Командование было передано, полномочия сняты, вещи собраны в сундуки. Было бы проявлением уважения и такта проститься с королём Монферратским и самим главнокомандующим, да только сердце мужчины настойчиво требовало не делать этого — не заходить в логово ко льву — можно не выйти обратно. В день, когда ворота крепости должны были для них открыться, а в порту ждал корабль, Намджун пришёл сам. Юнги понял всё сразу, по его смеющемуся взгляду, по его хищной улыбке. Рядом с ним стояли ничего не понимающий Хосок и скалящийся Вульф.

— Граф Норфолк, Вы покидаете нас? — усмешка в голосе была явной — Намджун всё знал, но Юнги не отступал, приказывая открыть ворота.

— У нас был уговор, главнокомандующий. Свою часть я выполнил, теперь твоя очередь — прикажи открыть ворота, выпусти нас Намджун, ты дал слово чести!

Намджун смеётся громко, откинув светловолосую голову назад, а меч всё же наготове, и рука крепко сжимает рукоять.
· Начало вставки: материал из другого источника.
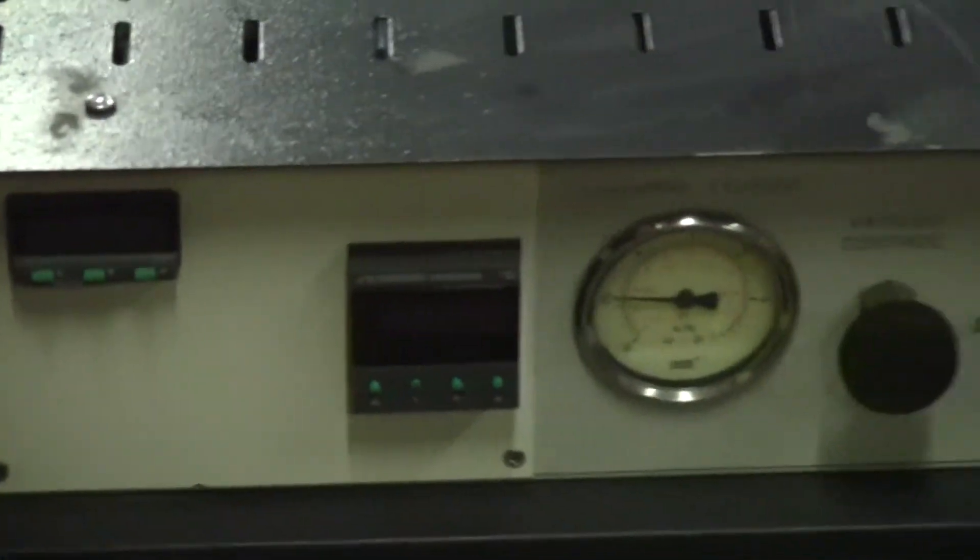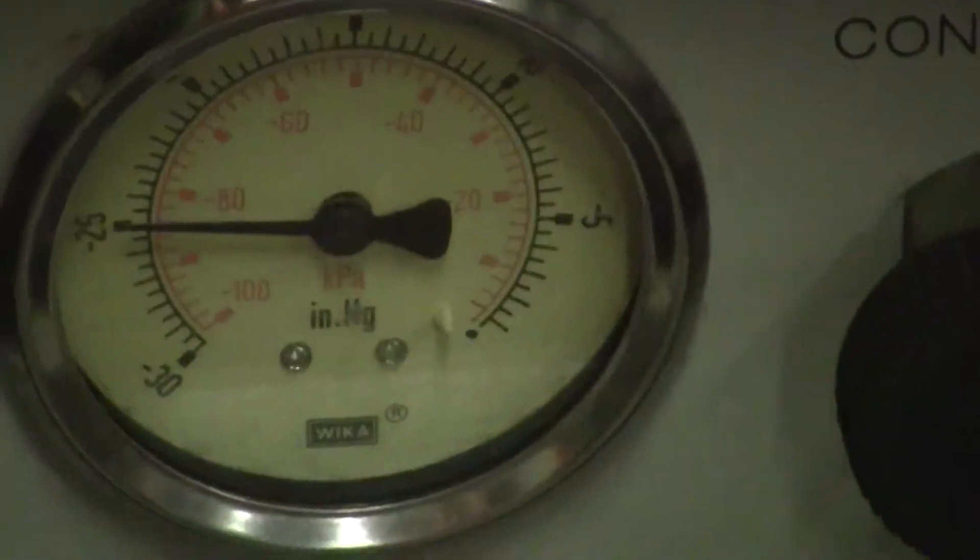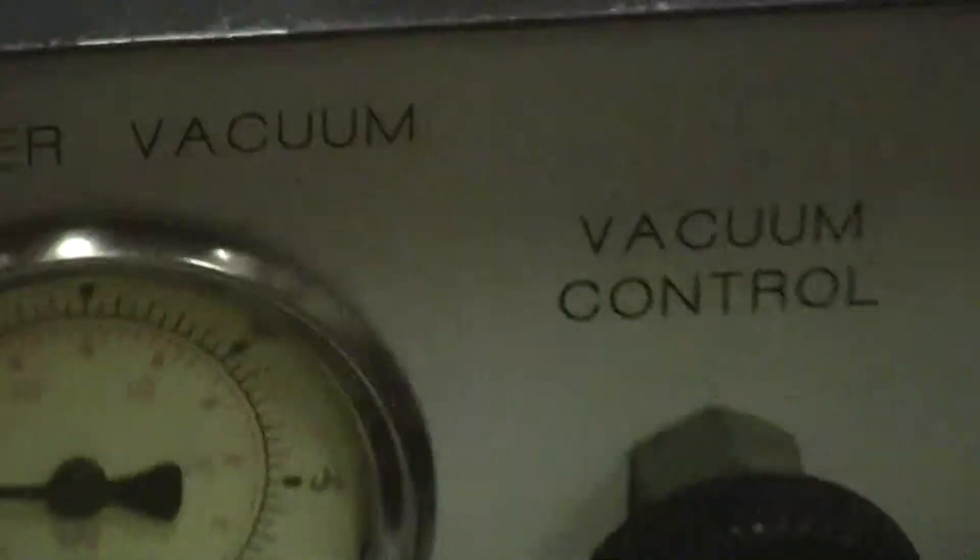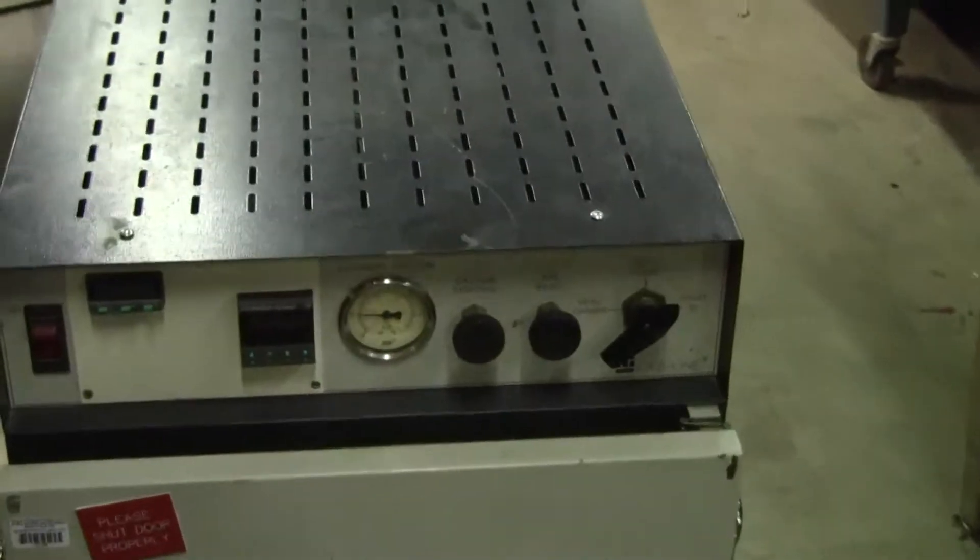What we've done is we've put the oven under vacuum. You want to see it hold.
Серый мех воротника мягко треплется на холодном ветру, но кольчуга глухо звенит под шерстяной курткой — рыцарь явно готов к битве.
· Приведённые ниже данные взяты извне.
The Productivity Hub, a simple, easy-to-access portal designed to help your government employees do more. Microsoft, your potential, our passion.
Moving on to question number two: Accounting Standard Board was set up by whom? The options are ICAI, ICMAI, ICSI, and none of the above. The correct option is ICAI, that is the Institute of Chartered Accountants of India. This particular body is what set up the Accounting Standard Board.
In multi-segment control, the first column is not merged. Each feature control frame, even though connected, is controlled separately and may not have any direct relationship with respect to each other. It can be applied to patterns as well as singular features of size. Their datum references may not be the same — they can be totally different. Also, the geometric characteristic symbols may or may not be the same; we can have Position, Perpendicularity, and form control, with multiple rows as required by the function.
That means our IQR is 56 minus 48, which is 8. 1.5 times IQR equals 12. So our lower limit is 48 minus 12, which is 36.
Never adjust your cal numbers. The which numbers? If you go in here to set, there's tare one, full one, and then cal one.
— Уговор был между двоими, о господине Чанёле не было ни слова.

— Он уйдёт вместе со мной, я имею право забрать с собой свой отряд, — Юнги сам крепко держит рукоять меча и глаз не сводит с Намджуна. — Он уйдёт вместе со мной, — по словам повторяет мужчина.

— Нет. Я не позволяю. Едва Чанёль переступит ворота крепости — он дезертир, которого я прикажу повесить на сторожевой стене... как и ты.

— Я взываю к твоей совести и чести, Намджун! Ты дал слово!

— Где это было написано? Где договор о снятии должности? Ты такой же дезертир, как и Чанёль. Не тебе взывать о чести и совести — предатель в первую очередь ты! Я приказываю задержать вас в темнице, до моего особого указания.

Юнги смотрит на бледного Хосока, мечущегося между ним и Белым рыцарем, безмолвно говоря ему помочь.

— Мой господин, граф Норфолк не может быть ни дезертиром, ни предателем, так же как и Пак. Я ручаюсь за них. Здесь какая-то ошибка...

— Хосок, я понимаю, они твои друзья и ты пытаешься их выгородить, но с прискорбием сообщаю, что граф Мин и господин Пак хотели покинуть крепость, договорившись в порту с пиратами, — Намджун победным взглядом прожигает Юнги, и ухмылка шире.

Понимание того, что Намджун всё сам подстроил накрывает сразу, и в глазах темнеет от двойного предательства. Не было никаких пиратов — лишь подставные моряки. Все капитаны отказывали ему по приказу Белого рыцаря — для него нет дороги обратно! Что он ещё должен выполнить? Что ему ещё нужно от него?

— Это низко, — еле слышно шепчет Юнги, но Намджун его слышал.

— В темницу их, — раздаётся зычный голос главнокомандующего. — Всем занять свои позиции. Вульф, Хосок — за мной! — и Намджун удаляется, пока скручивают упорно сопротивляющихся Юнги и Чанёля.

Хосок колебался секунды, делая полшага к Юнги и отодвигаясь обратно. И всё же ушёл вслед за главнокомандующим, смотря виноватым взглядом на друга.

Ворота в подземные темницы скрипели нещадно, и холод позёмкой пробежался по каменному полу, чуть всколыхнув железные цепи, прикованные к стенам. Пара тусклых факелов пылали в держателях, солома в углу гнила. И среди всей невозможности, казалось бы, этой ситуации, графа Норфолка приковывают наручниками к цепи, что тянулась лишь до кучи соломы в углу.

Их приковали рядом, хоть на момент заточения Чанёль затих, а Юнги всё ещё сопротивлялся, пытаясь наносить удары воинам, сковавшим его. Его просто отбросили к стене и молча оставили в бессильной злобе, задыхающегося в собственной беспомощности. Он гремел цепями, ногами разбрасывая вокруг себя кучу гнили, кулаками пытаясь пробить стены, окрашивая их в цвет крови.

— Юнги, — Чанёль звал его тихо, пытаясь достучаться до взбешённого друга, — успокойся, так ты лишь покалечишь себя, но выйти не сможешь.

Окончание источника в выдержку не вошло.